The challenge is making the transition from those stumbling moments through to soaring mastery of the art. I outlined some of those challenges last week – check out the break-down.
This week – the No. 1 basic issue – sentence construction. With a twist. One that will, I guarantee, throw Word green grammar error underlines through your work – but it’ll be quite comprehensible to the punters. And it’s essential.
It’s the twist that makes people want to read it, you see.
Sentence construction is something hammered into most of us at high school, with the exception of me – my English teacher told my parents that no matter what I did, I would fail at it. Especially anything to do with English.
He never twigged that the actual problem was that he was boring and I usually switched off listening about 10 milliseconds into his classes.
When it comes to sentences you know the drill: the tenses have to match, the plurals have to match, and a sentence must have a subject and a predicate, usually in that order. For example, ‘I am laughing all the way to the bank’. The subject is ‘I’, everything else is the predicate, or the ‘doing part’ of the sentence.

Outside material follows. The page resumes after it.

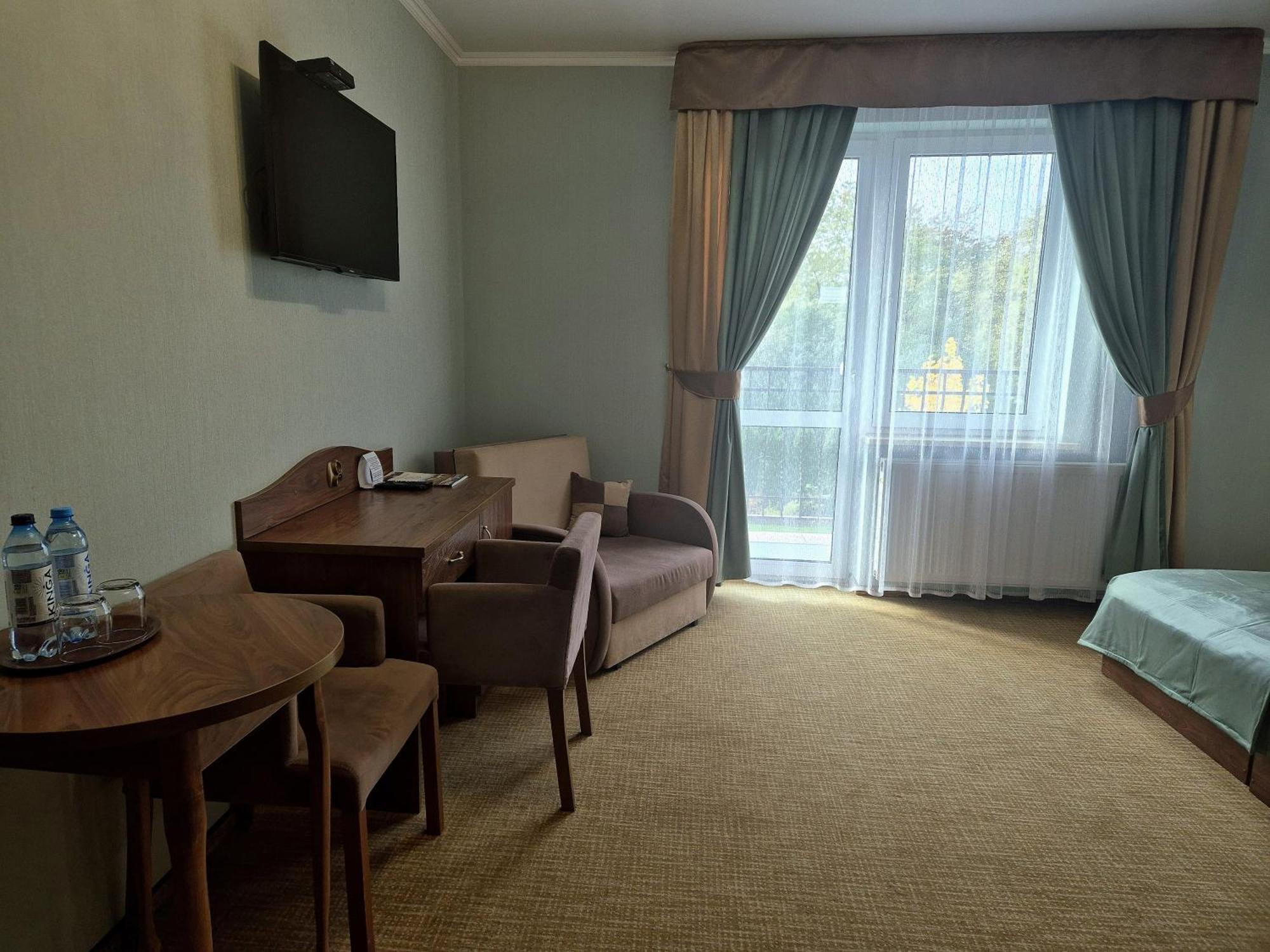 Dworek Nad Stawem & Laznia Piwna Ostrów Mazowiecka Dış mekan fotoğraf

It also has to be a particular length, though exactly how long is a matter of opinion. When I was at school, that English teacher ruled that no sentence could be more than 2.5 lines, for instance. An institutional silliness which masked the point that, by classical rules, a sentence can often be quite long. It’s meant to encompass a single idea, but that idea may be quite complex – hence we have a plethora of different devices to separate the clauses: colons; semicolons, commas, and Oxford Commas among them. (Did you see what I did in that last sentence, anyone…anyone?)
The problem is that a sentence written strictly by the rules is a writing equivalent of one of those Czerny music exercises. Strictly correct, but absolutely boring. That’s where the twist comes in. Writing that runs to relentless rhythm lulls the reader into thinking they’re back in one of those stupidly dull English lessons I had to endure at high school.
Follow the rules, sure – readers will likely have trouble parsing meanings otherwise. But be creative about it. And the creative part – from the point of view of mechanical construction – is to give the sentence an interesting rhythm. My how-to tips for that are:
1. Vary your sentence length. Hemingway was supposed to have written only with short sentences. Wrong. He also wrote very, very long ones – inevitably with purpose.
2. Don’t just vary your sentence length. Also vary the length of the clauses and components within it.
3. Also vary word length, by syllables ideally.
4. Don’t ever go to the high school I went to.
Try it. Read some sentences aloud. Try again – keep doing that, and you’ll see what I mean.